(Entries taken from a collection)
* * * * * * *
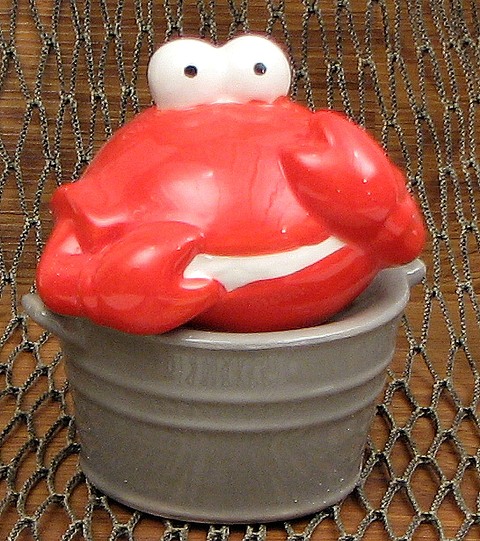 049-15092 Ceramic Crab Bucket Salt & Pepper Set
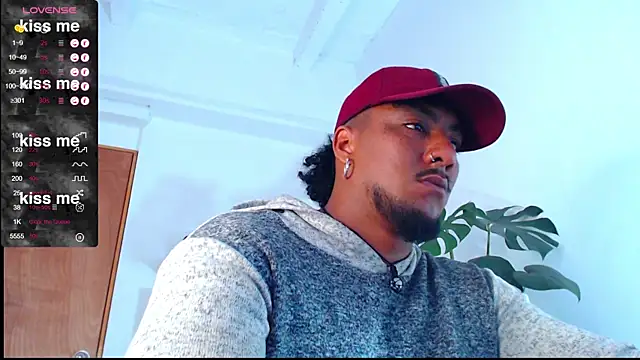 yosoy enzo2020 online show from 02/25/25, 04:21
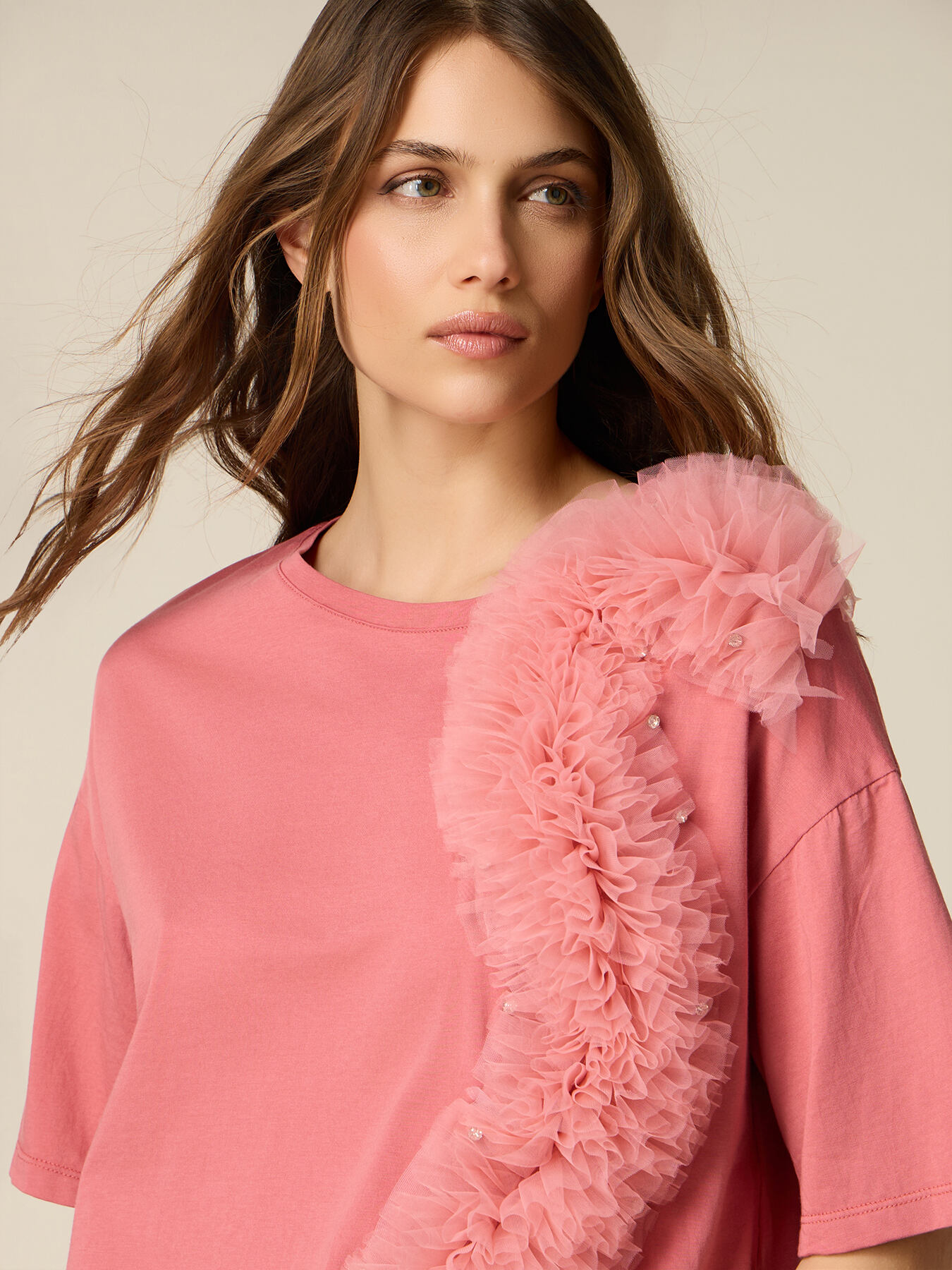 T-shirt with tulle appliqu&eacute; image number 2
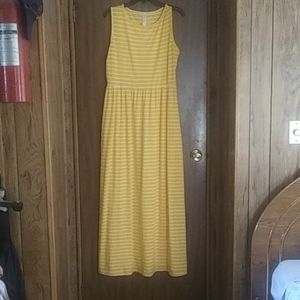 A yellow dress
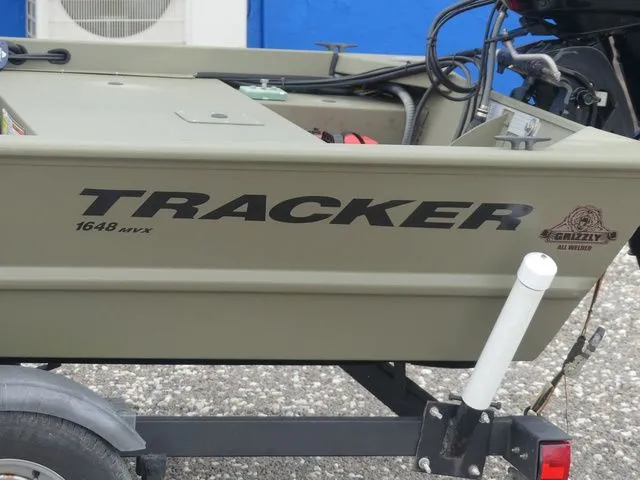 Slide: The Image of Tracker Grizzly 1648 SC 2020 - 8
* * * * * * *
EXERCISE: If an entry holds a picture, skip the picture and print the rest of the data exactly.

SOLUTION TO THE EXERCISE:
 049-15092 Ceramic Crab Bucket Salt & Pepper Set
 yosoy enzo2020 online show from 02/25/25, 04:21
 T-shirt with tulle appliqu&eacute; image number 2
 A yellow dress
 Slide: The Image of Tracker Grizzly 1648 SC 2020 - 8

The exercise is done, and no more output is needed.